One consequence is that there’s plenty of work to go around for established SPAC practitioners.
“I’m getting inquires from clients and friends of clients multiple times a week,” said Akin Gump Strauss Hauer & Feld corporate partner Alice Hsu, whose been working in the space for over a dozen years, dating to her time as an associate at the firm.
While there’s some concern that the market may be temporarily saturated, particularly with a number of players lined up for deals in the fall, practitioners also believe that SPACs have staying power. Noel said they’re now the ”fourth leg of the stool” for private equity companies looking to unload portfolio companies, along with strategic mergers, sales to another private equity shop, or a traditional IPO.
“As it becomes another tool in the toolbox, that makes it more realistic that it will stay that way,” he said.
Davis Polk & Wardwell corporate partner Derek Dostal, whose firm has been in the game since 2006, came to the same conclusion.
“I don’t think we’re going to see the robust focus that we saw over the last five months replicated in the next five months, but I expect the product is here to stay,” he said. And yet, his firm is in no hurry to add attorneys who focus on these arrangements.
“We’ve had a great run this year and we’re really happy with our market share,” Dostal added.
Indeed, with the exception of Rubinstein and his colleagues move to White & Case, the lateral market for these specialists has been quiet.
“There’s certainly people that think it’s a hot area, but it’s definitely not across the board,” Manhattan-based legal recruiter Mark Rosen of Mark Bruce International said.

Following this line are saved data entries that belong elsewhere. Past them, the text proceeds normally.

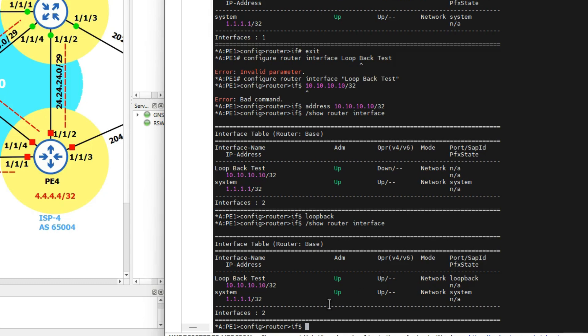The difference between the loopback and the system interface is as follows: for the system interface, all you need is an IP address. For the loopback interface, you need an IP address and also the keyword loopback for the CLI to recognize it as a loopback interface — otherwise it will be admin up but operationally down.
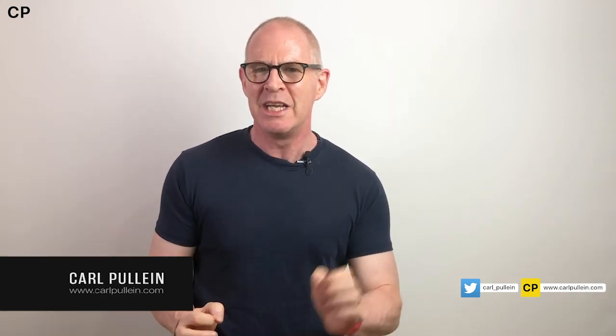Hello and welcome to another episode of Working With Drafts. My name is Carl Pullein and in this week's episode I've got a very simple yet cool trick that you can use.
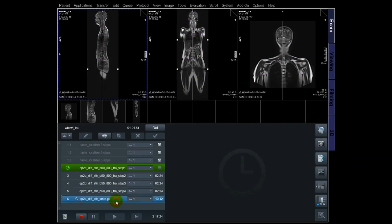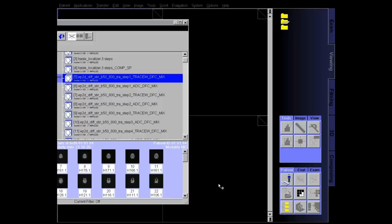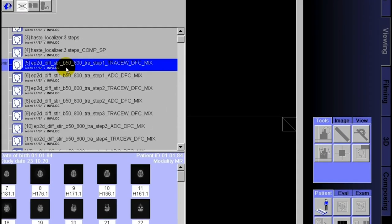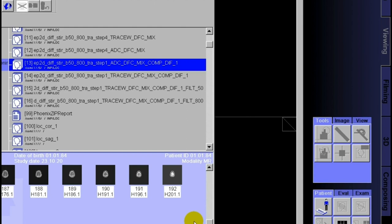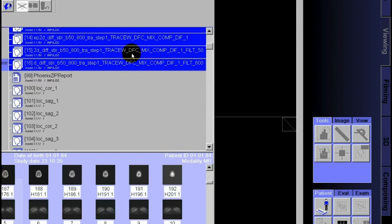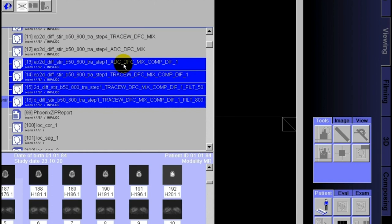While that is running, we're going to check the images and do the post processing. So here at the post processing — remember that diffusion trace images consist of multiple b-values. Here I have two b-values: b50 and b800, and then the ADC comes by itself. You can see step one, step two, step three, step four — and here are the composed images of the ADC, and all composed with a filter of b50 and a filter of b800.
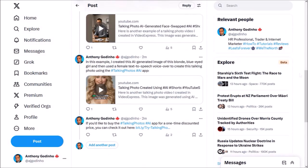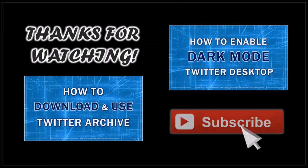Later, if you want to add another post to the thread you can click this Add Another Post button, but that's pretty much it. You can check the link in the description section to check the thread in my Twitter timeline. I hope you found this tutorial helpful. If you have any questions please leave them in the comment section. Thanks for watching.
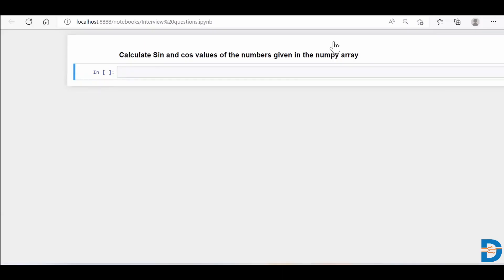Hi guys! Today's NumPy interview question is to calculate the sine and cosine values for the numbers given in a NumPy array. So essentially we have a NumPy array which has angles, and for those corresponding angles we need to calculate the sine and cosine values. So how do we do it? Let's see.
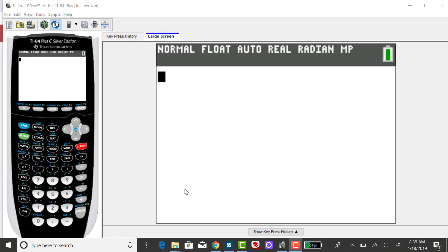I'm going to use the TI-84 to find the three quartiles for a data set I've already inputted. So I'm going to click on STAT.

And yet, Rubinstein’s own experience shows that such hires can deliver real benefits to firms who are already strong in connected practices.
“We came in with nine people, but we needed a lot more,” he said. “We’ve been working with, I won’t exaggerate, dozens of White & Case lawyers both on the capital markets side and the M&A side.”
And Noel said that the law firms who’ve thrived through a focus on private equity transactions, including his own, offer a useful comparison.
“From a law firm perspective, it does make sense to pay attention because it can feed ancillary areas, particularly on the de-SPAC-ing side, and your entry into it is the IPO,” he said. “Like what the private equity firms do today, it’s a different way to get into exploiting the resources you have in the law firm.”